On September 11, 2012, respondent’s elementary school attendance teacher (“attendance teacher”) visited the New Rochelle address and found both children present in their pajamas. The only adult present, Mr. Bouche, stated that petitioner resided in the apartment but that her husband did not.
On September 12, 2012, petitioner submitted elementary school registration forms for Paige and Jordan representing that she and her husband lived at the New Rochelle address.
On the morning of September 14, 2012, respondent’s attendance teacher again visited the New Rochelle address. Mr. Bouche was present but the children were not.
On December 20, 2012, respondent’s attendance teacher interviewed the owner of a building located in Yonkers, New York. The owner confirmed that petitioner and her husband resided there full time.
By certified letter dated January 2, 2013, mailed to the Yonkers address, respondent’s director of pupil services (“director”) informed petitioner and her husband that their residency was in question and invited them to submit information to support their claim of residency within the district. The return receipt was signed by petitioner’s husband.

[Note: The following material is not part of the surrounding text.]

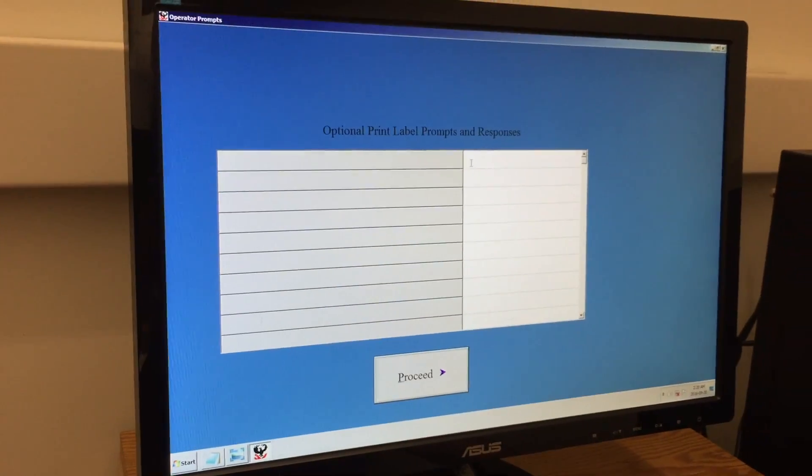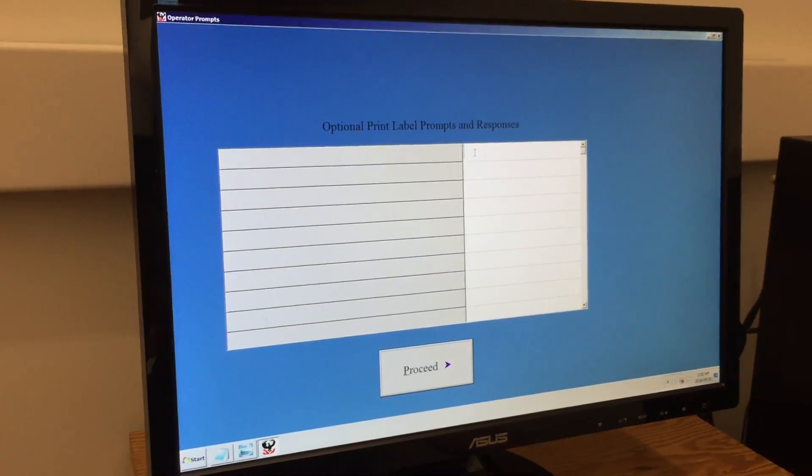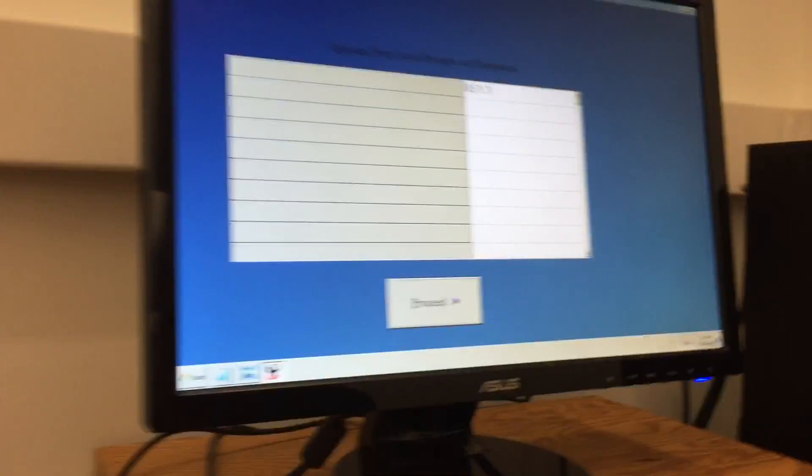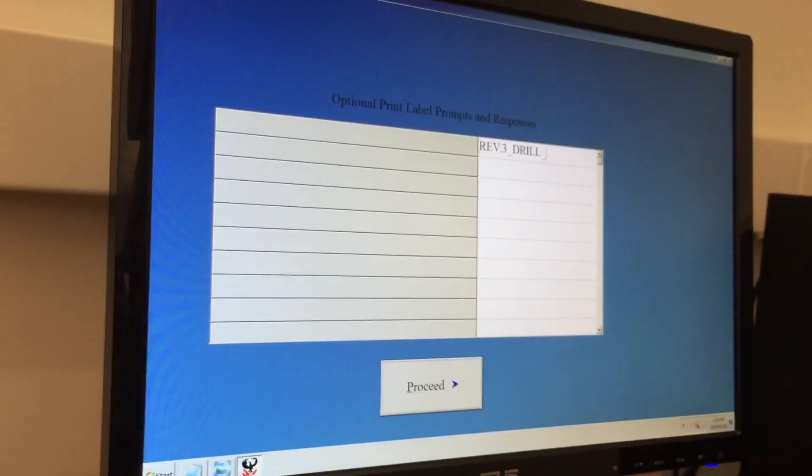The next screen is just to add a name to the test that you're running. Name it whatever you like, anything that is relevant.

By letter dated January 30, 2013, the director notified petitioner of her determination that petitioner and her children were not district residents. This appeal ensued. Petitioner’s request for interim relief was granted on March 13, 2013.
Petitioner maintains that her family resides with her son within the district at the New Rochelle address. Respondent maintains that petitioner’s family resides outside of the district in Yonkers.
Education Law §3202(1) provides, in pertinent part:
A person over five and under twenty-one
years of age who has not received a
high school diploma is entitled to
attend the public schools maintained in
the district in which such person
resides without the payment of tuition.
The purpose of this statute is to limit the obligation of school districts to provide tuition-free education to students whose parents or legal guardians reside within the district (Appeal of Polynice, 48 Ed Dept Rep 490, Decision No. 15,927; Appeal of Naab, 48 id. 484, Decision No. 15,924). “Residence” for purposes of Education Law §3202 is established by one’s physical presence as an inhabitant within the district and intent to reside in the district (Longwood Cent. School Dist. v. Springs Union Free School Dist., 1 NY3d 385; Appeal of Naab, 48 Ed Dept Rep 484, Decision No. 15,924). A child's residence is presumed to be that of his or her parents or legal guardians (Catlin v. Sobol, 155 AD2d 24, revd on other grounds, 77 NY2d 552 (1991); Appeal of Polynice, 48 Ed Dept Rep 490, Decision No. 15,927).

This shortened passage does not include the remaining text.